● Your instructions: Somewhere below are a line with "Case Cover SHE" and a later line with "Hotel St. Naum Ljubaništa Quarto foto". Output exactly those lines and all lines between them.

● Provided data:
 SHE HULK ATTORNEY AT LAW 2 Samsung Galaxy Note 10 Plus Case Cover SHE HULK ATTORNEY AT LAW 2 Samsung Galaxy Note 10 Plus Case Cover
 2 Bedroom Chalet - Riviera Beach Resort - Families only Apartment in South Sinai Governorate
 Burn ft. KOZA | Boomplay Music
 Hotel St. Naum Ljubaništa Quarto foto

* * *

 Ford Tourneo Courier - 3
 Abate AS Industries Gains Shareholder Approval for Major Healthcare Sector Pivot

● Answer to this problem:
 SHE HULK ATTORNEY AT LAW 2 Samsung Galaxy Note 10 Plus Case Cover SHE HULK ATTORNEY AT LAW 2 Samsung Galaxy Note 10 Plus Case Cover
 2 Bedroom Chalet - Riviera Beach Resort - Families only Apartment in South Sinai Governorate
 Burn ft. KOZA | Boomplay Music
 Hotel St. Naum Ljubaništa Quarto foto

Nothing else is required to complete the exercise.